During his appearance on stage at the Periodical Publishers Association’s Magazines 2008 conference, Channel 4 announced (see Guardian) it had hired BBC Worldwide digital ventures director Dan Sheaf to work on interactive projects, reporting to both radio head Bob Shennan and new media director Jon Gisby. Heaf has form in music, having worked for Radio 1’s website and, later, the Switch teen brand.
This morning I asked Heaf how last year’s Lonely Planet acquisition might be integrated with other BBCWW properties. He said: “The links between gardening or Top Gear and going on holiday are fairly tenuous. Where there is an area of real synergy is natural history. That’s obviously very linked in to place. If you think of Lonely Planet outside of the holiday sphere and more as a canonical index of place content, then it becomes more useful.” Heaf also sees mobile uses: “People won’t be carrying around the guide book like a bible. There will be 500,000 localisations, as well as personalisation, ad it will know the kind of thing you want”.

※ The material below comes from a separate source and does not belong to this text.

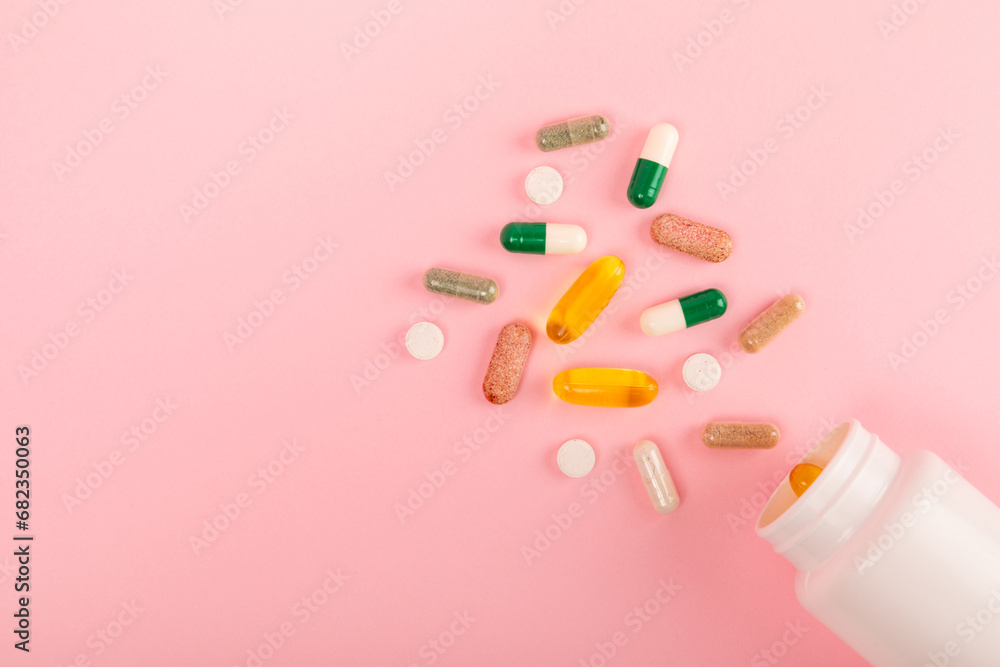 Vitamins and supplements. Variety of vitamin tablets in a jar on a texture background.Multivitamins with fresh and healthy fruits.Food supplements. Flat lay. Space for text.Copy space Vitamins and supplements. Variety of vitamin tablets in a jar on a texture background.Multivitamins with fresh and healthy fruits.Food supplements. Flat lay. Space for text.Copy space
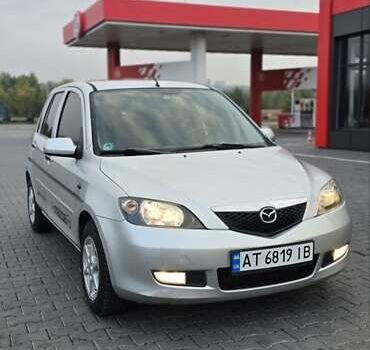 Сірий Мазда 2, об'ємом двигуна 1.4 л та пробігом 226 тис. км за 3950 $, фото 2 на Automoto.ua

Earlier, BBC creative director Alan Yentob tried to allay fears of commercial magazine proprietors. “At what point can you lead someone from the public domain in to the commercial domain on the web?,” he mused. “In order for the BBC to thrive and this resource to spread out to the commercial domain, not just the public domain, this is something we need to work on very hard. Of course I can see why (commercial operators) would be upset (but) to stunt the BBC would be foolish.”